Он задрал рубашку и показал темные ребра, действительно скелет. Месяца через три телега жизни Николая Постарнака увязла навсегда. Перед кончиной он опубликовал в краевой газете очерк о жизни и смерти «Или-или…». Все вполне по-бунински.
В (Вознесенский)
Я попал на Кубань случайно: завязал платком глаза, ткнул пальцем в географическую карту. По Андрею Вознесенскому: «По наитию дуешь к берегу, ищешь Индию – найдешь Америку».
С толстым кумачового цвета томом А. Вознесенского «Дубовый лист виолончельный» поселился я в крошечной хатке громадного калибра бабули.
Через неделю бабулечка корысти ради подселила ко мне двух молодиц, курсанток чего-то кулинарно-торгового. Одна, Оля, – красавица с холодными глазами.
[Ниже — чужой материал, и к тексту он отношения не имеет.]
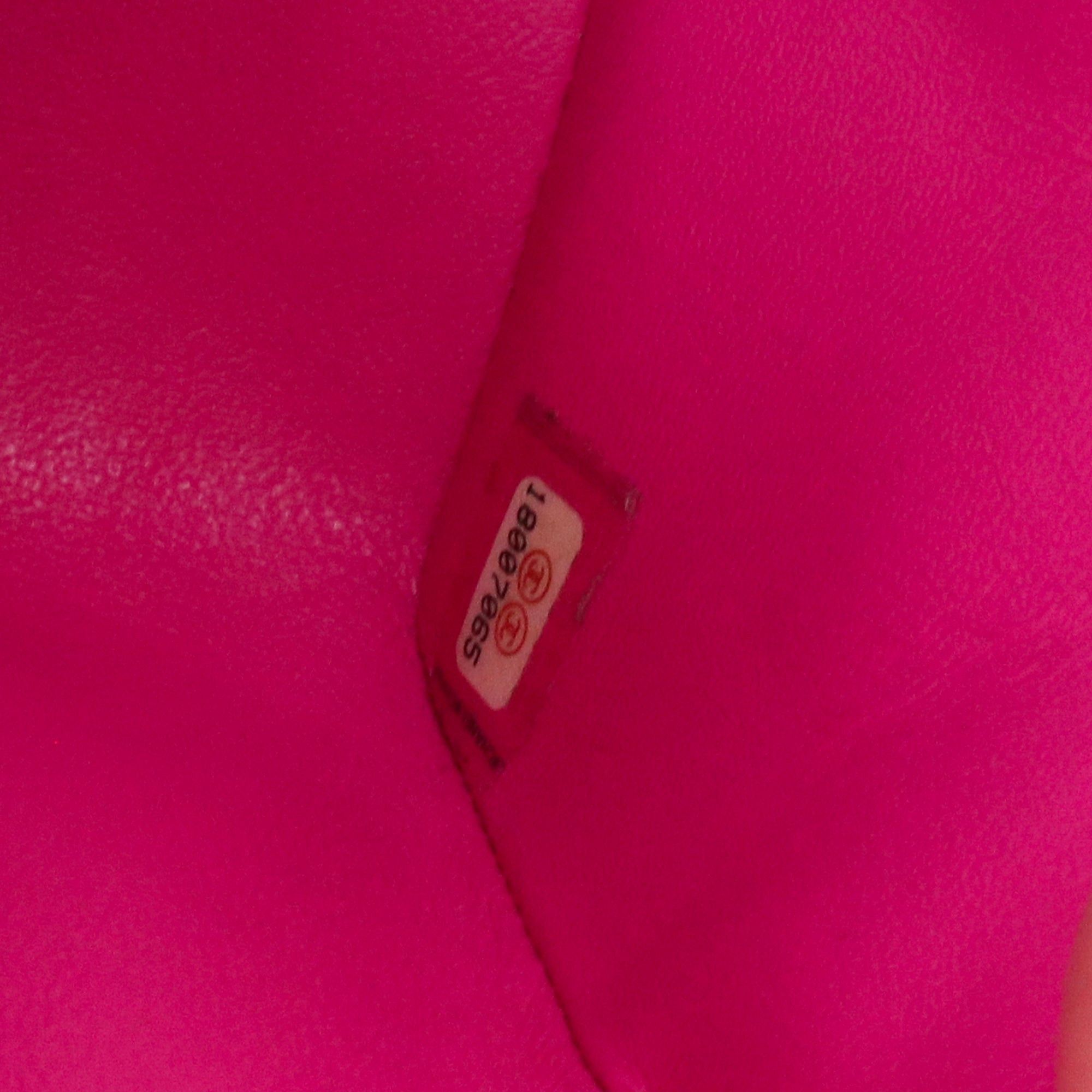 Chanel CHANEL - Chanel Mini Square Timeless/Classique shoulder bag in pink caviar leather Size ONE SIZE - 9 Thumbnail
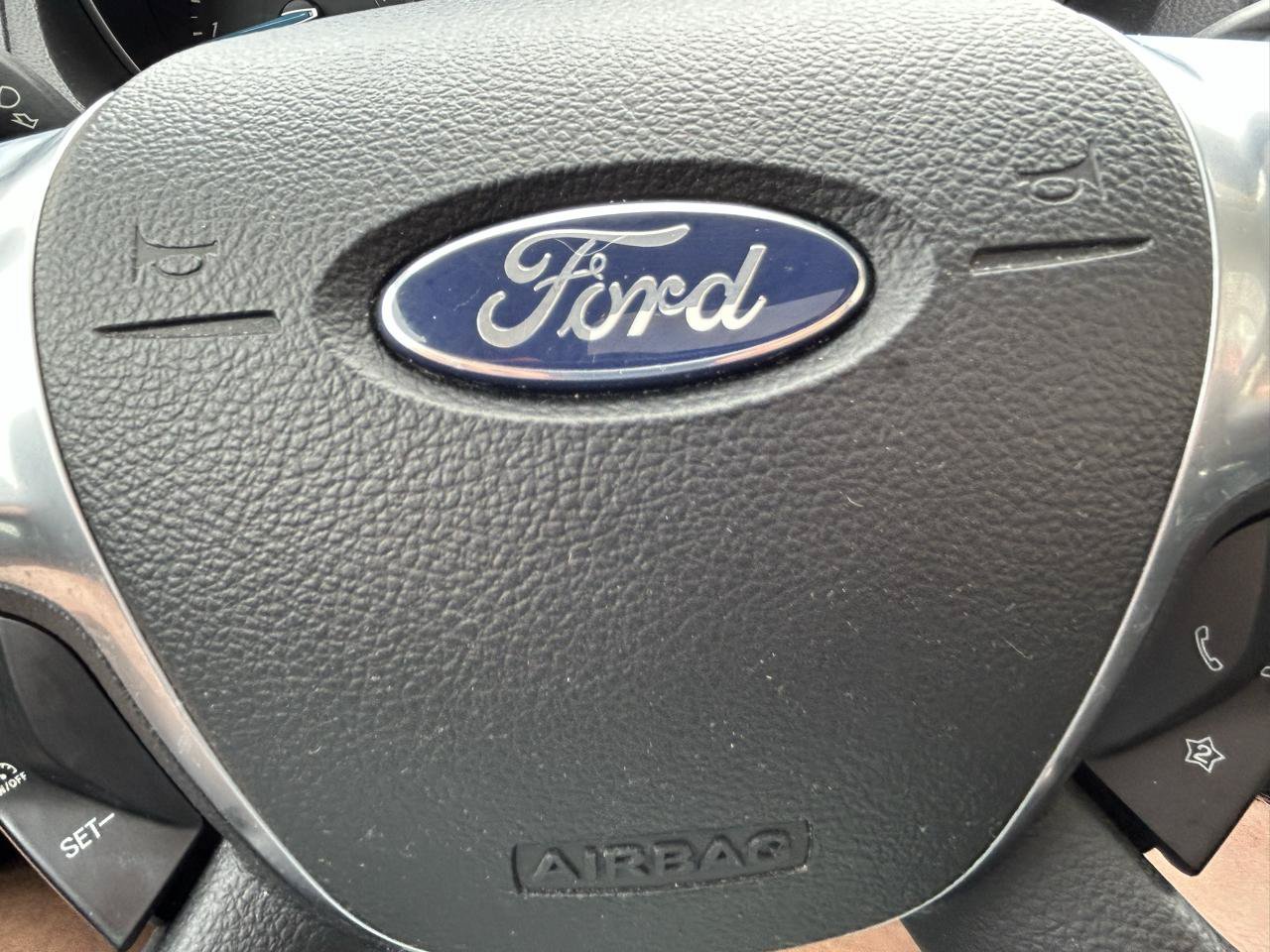 Used 2013 Ford Focus Titanium w/ Titanium Handling Pkg FWD image 21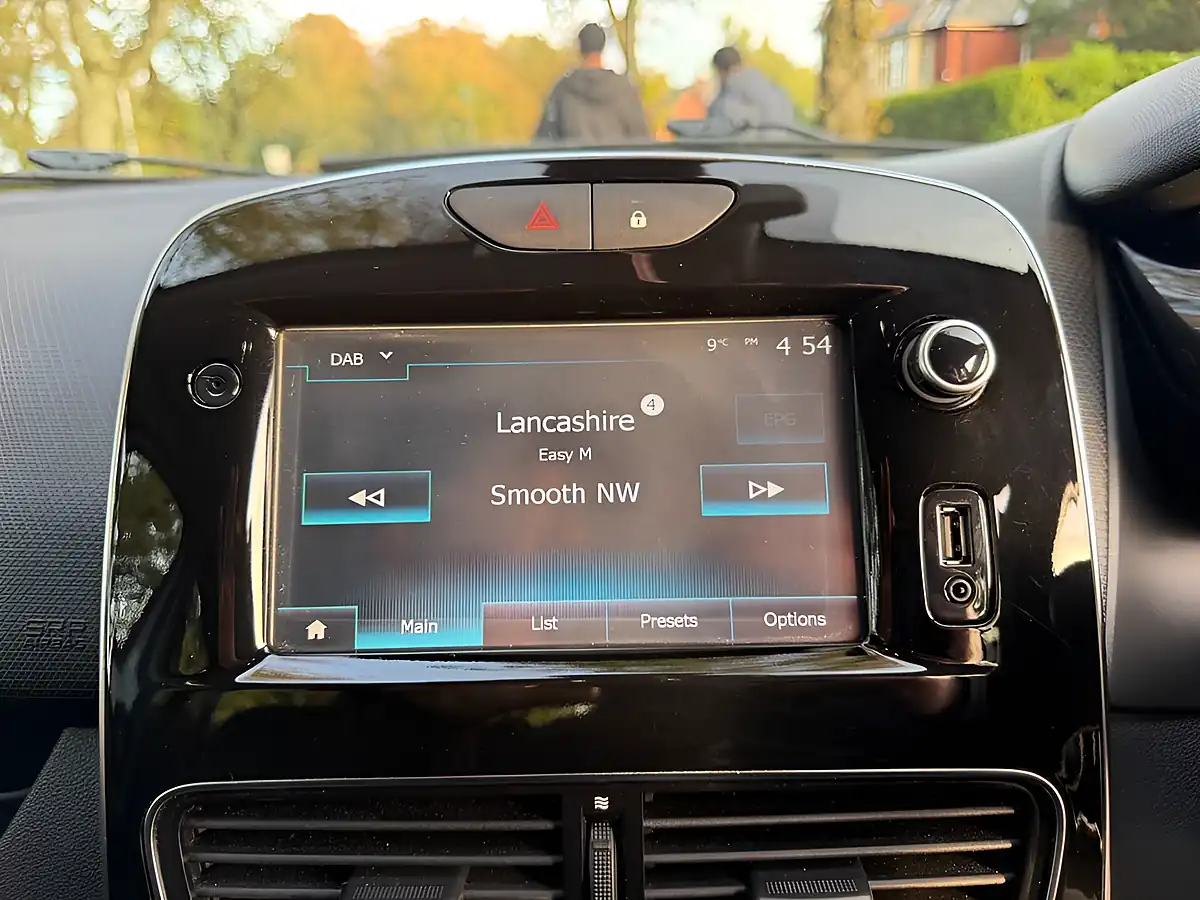 Used 2017 Renault Clio Dynamique S Nav White - Interior and Exterior details 17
Другая, Валя, – ничего особенного, зато сердечная.
Эти девушки меня почему-то не волновали: холодный блеск одной и теплая телесная нищета другой даже отпугивали. Но все равно по вечерам с подвывом я читал им Вознесенского.
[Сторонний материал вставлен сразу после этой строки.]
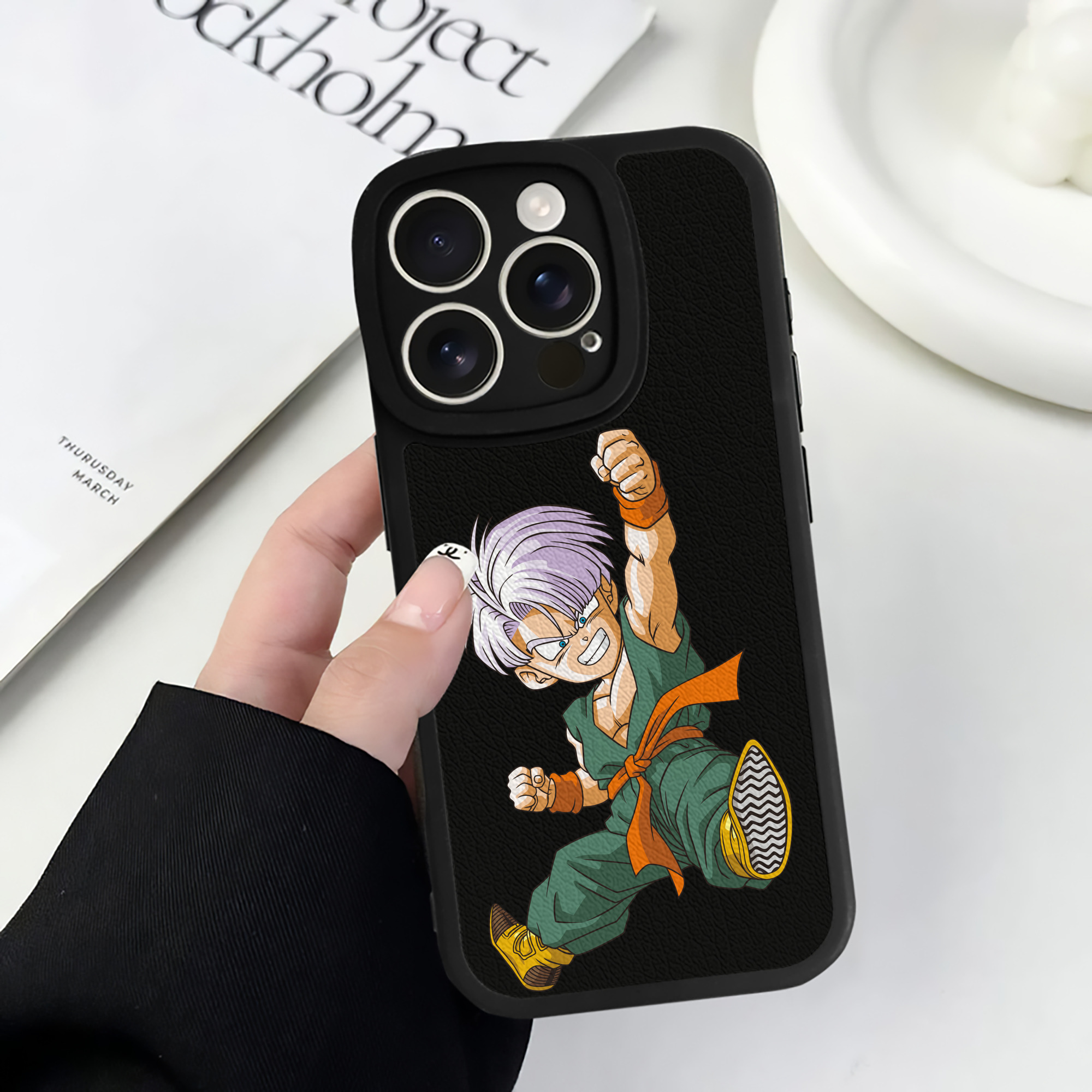 （画像用） ドラゴンボール トランクス（Torankusu）DRAGON BALL Trunks 【iPhone 16シリーズ対応】シリコンスマホケース（レザー調） 材質：シリコン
Через месяц, научившись печь булочки и пироги, Оля с Валей разъехались по своим станицам. И из моего чемодана пропал любимый томик стихов. Я, опять по наитию, решил, что «Дубовый лист» украла красавица. И попутками, пешком добрался до дома этой самой Оли. Она осторожно, как по проволоке, дошла до калитки. И без слов протянула мне красный том…
Вознесенский как поэт умер в середине своего творческого пути. До этого его поэзия звучала как тугая, чувственная струна. А потом в его строфы пришли «какашки», «сортиры», «изопы».
Пять лет назад в Краснодаре на его поэзоконцерт было продано семь билетов. Это – обидно, как будто лягнули мою юность. Сейчас я вижу Вознесенского по телевизору. Старый мальчик: цветной шарфик на толстой, в складках шее, надутые щеки. О таких людях говорят: «До могилы у них в ж… играют пионерские горны».